[NEW YORK] China's policy makers are loosening controls on margin lending in the stock market.
China Securities Finance Corp, the state-backed agency that provides funding to brokerages for margin trading, will restart offering loans to securities firms for periods ranging from seven days to 182 days, according to a statement posted on its website Friday. The agency will cut interest rates on the debt to as low as 3 per cent, it said. China's offshore equity-index futures rose.
The amount of shares purchased on margin has plunged more than 60 per cent from last year's pre-rout peak as traders fled the world's worst-performing stock market and regulators made it harder for investors to access loans. Speculation last week that officials were relaxing such restrictions helped revive trading volume and send a gauge of small-cap shares in Shenzhen to its biggest weekly gain on record.
"The loosening could reignite interest in the equity market, particularly as the regulators' actions last year - to rein back private sector broker leverage - helped trigger the correction in equity prices," said Koon Chow, senior macro and currency strategist at Union Bancaire Privee in London.

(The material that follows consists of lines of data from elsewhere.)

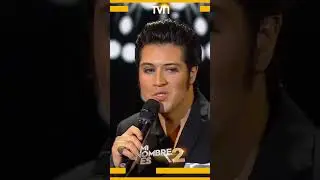 El espíritu de rock and roll se hizo presente en el programa con Elvis Presley | Mi nombre es 2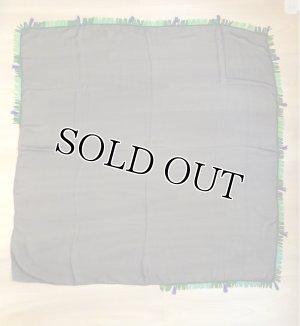 画像7: 超希少｜コンヤ：アンティークオヤスカーフ｜伝統的なフィリーゼオヤ｜イーネオヤ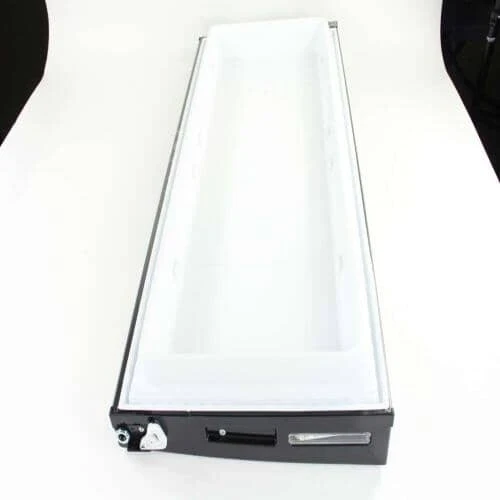 Door Foam Assembly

"It does look like they want a second chance at growing the equity market. We shall all be watching very closely whether leveraged buying of the equity market balloons again."

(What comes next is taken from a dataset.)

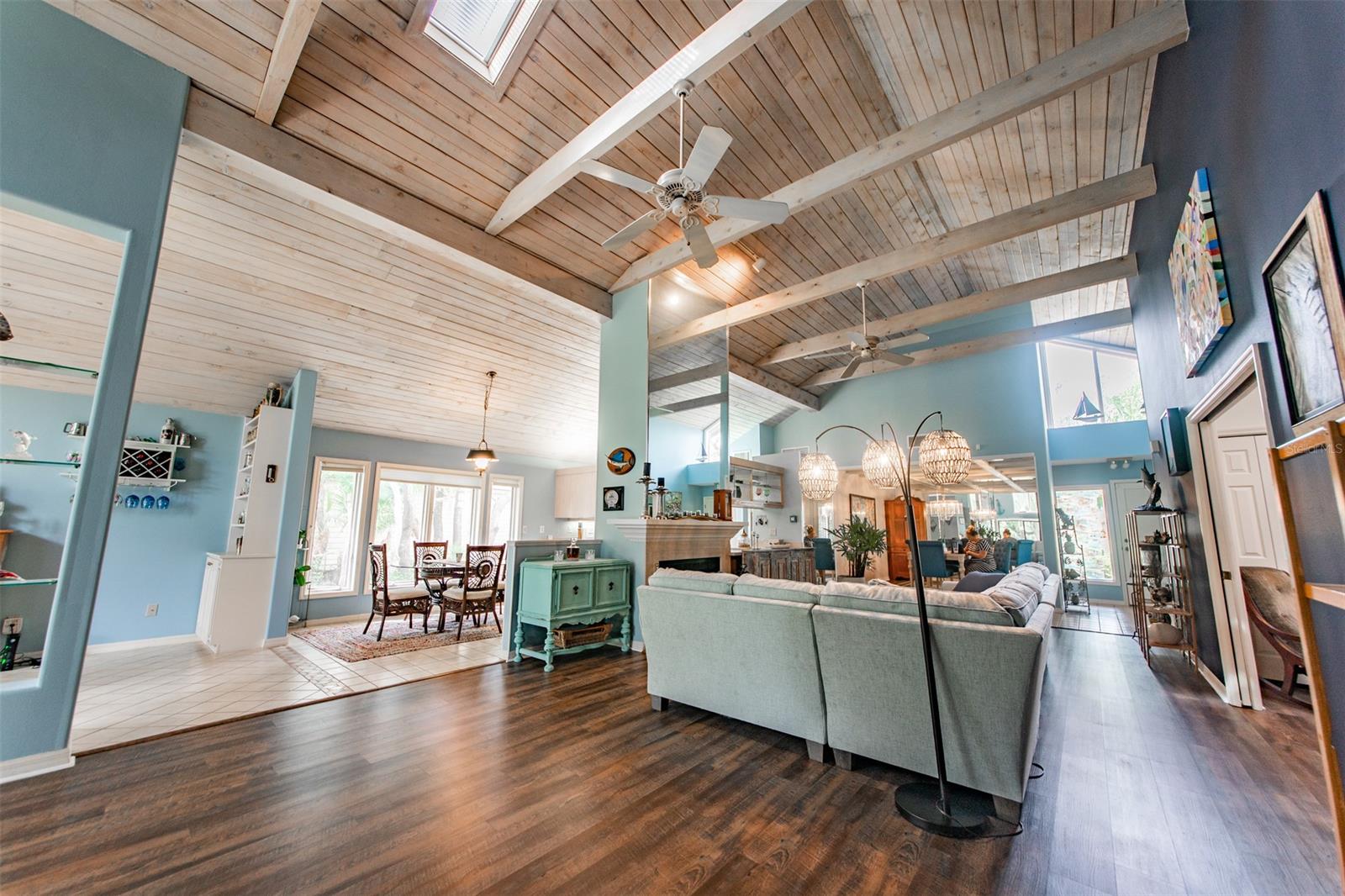 St Andrews - Residential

Moves in the Shanghai Composite Index over much of the past two years have closely tracked appetite for leveraged bets, which fell to the lowest level since Dec 2014 last week. A surge in margin loans fueled the stock boom in the first half of last year, and exacerbated the slump that followed.
The Shanghai gauge rallied 5.2 per cent last week, paring its losses for 2016 to 17 per cent. The ChiNext index of small- cap stocks jumped 13 per cent in Shenzhen amid speculation some commercial banks have resumed non-brokerage margin lending. The practice was banned by regulators last summer, according to Guotai Junan Securities Co. Futures on the FTSE China A50 Index rose 0.5 per cent at the close on Friday.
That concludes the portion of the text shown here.